# Avazu_x2

+ **Dataset description:**

  This dataset contains about 10 days of labeled click-through data on mobile advertisements. It has 22 feature fields including user features and advertisement attributes. Following the same setting in the [AutoGroup](https://dl.acm.org/doi/abs/10.1145/3397271.3401082) work, we randomly split 80% of the data for training and validation, and the remaining 20% for testing, respectively. For all categorical fields, we filter infrequent features by setting the threshold min_category_count=20 and replace them with a default ``<OOV>`` token.

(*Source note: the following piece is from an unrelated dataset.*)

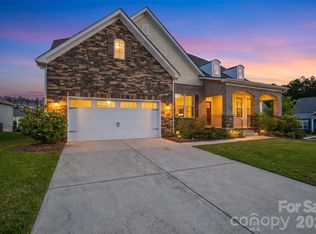 900 Raffaelo Vw, Mount Holly, NC 28120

  The dataset statistics are summarized as follows:

  | Dataset  | Total | #Train | #Validation | #Test | 
  | :--------: | :-----: |:-----: | :----------: | :----: | 
  | Avazu_x2 |  40,428,967     | 32,343,173     |      |  8,085,794    | 

+ **Source:** https://www.kaggle.com/c/avazu-ctr-prediction/data
+ **Download:** https://huggingface.co/datasets/reczoo/Avazu_x2/tree/main
+ **RecZoo Datasets:** https://github.com/reczoo/Datasets

+ **Used by papers:** 
    - Bin Liu, Niannan Xue, Huifeng Guo, Ruiming Tang, Stefanos Zafeiriou, Xiuqiang He, Zhenguo Li. [AutoGroup: Automatic Feature Grouping for Modelling Explicit High-Order Feature Interactions in CTR Prediction](https://dl.acm.org/doi/abs/10.1145/3397271.3401082). In SIGIR 2020.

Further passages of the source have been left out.